### [Exercise details]
Exactly as they stand, the data below are to be printed again.

══════════════════════════════

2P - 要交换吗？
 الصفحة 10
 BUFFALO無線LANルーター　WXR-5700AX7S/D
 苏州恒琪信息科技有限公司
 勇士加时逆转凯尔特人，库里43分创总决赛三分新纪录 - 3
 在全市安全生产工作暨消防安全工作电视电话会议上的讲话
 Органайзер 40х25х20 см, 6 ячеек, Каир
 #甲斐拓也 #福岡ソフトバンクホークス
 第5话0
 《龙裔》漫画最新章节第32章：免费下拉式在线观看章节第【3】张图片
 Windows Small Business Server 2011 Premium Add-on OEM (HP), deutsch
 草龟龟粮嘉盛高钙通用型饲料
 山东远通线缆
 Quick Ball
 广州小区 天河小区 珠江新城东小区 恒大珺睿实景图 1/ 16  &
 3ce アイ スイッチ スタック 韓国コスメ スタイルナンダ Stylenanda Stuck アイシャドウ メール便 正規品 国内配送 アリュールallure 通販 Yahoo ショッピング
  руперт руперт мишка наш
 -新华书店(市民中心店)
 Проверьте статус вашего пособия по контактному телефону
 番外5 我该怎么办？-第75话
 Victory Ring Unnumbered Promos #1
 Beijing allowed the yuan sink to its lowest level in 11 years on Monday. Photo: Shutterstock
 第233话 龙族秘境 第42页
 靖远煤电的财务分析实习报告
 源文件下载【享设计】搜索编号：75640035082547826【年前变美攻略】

══════════════════════════════

### [Written response]
2P - 要交换吗？
 الصفحة 10
 BUFFALO無線LANルーター　WXR-5700AX7S/D
 苏州恒琪信息科技有限公司
 勇士加时逆转凯尔特人，库里43分创总决赛三分新纪录 - 3
 在全市安全生产工作暨消防安全工作电视电话会议上的讲话
 Органайзер 40х25х20 см, 6 ячеек, Каир
 #甲斐拓也 #福岡ソフトバンクホークス
 第5话0
 《龙裔》漫画最新章节第32章：免费下拉式在线观看章节第【3】张图片
 Windows Small Business Server 2011 Premium Add-on OEM (HP), deutsch
 草龟龟粮嘉盛高钙通用型饲料
 山东远通线缆
 Quick Ball
 广州小区 天河小区 珠江新城东小区 恒大珺睿实景图 1/ 16  &
 3ce アイ スイッチ スタック 韓国コスメ スタイルナンダ Stylenanda Stuck アイシャドウ メール便 正規品 国内配送 アリュールallure 通販 Yahoo ショッピング
  руперт руперт мишка наш
 -新华书店(市民中心店)
 Проверьте статус вашего пособия по контактному телефону
 番外5 我该怎么办？-第75话
 Victory Ring Unnumbered Promos #1
 Beijing allowed the yuan sink to its lowest level in 11 years on Monday. Photo: Shutterstock
 第233话 龙族秘境 第42页
 靖远煤电的财务分析实习报告
 源文件下载【享设计】搜索编号：75640035082547826【年前变美攻略】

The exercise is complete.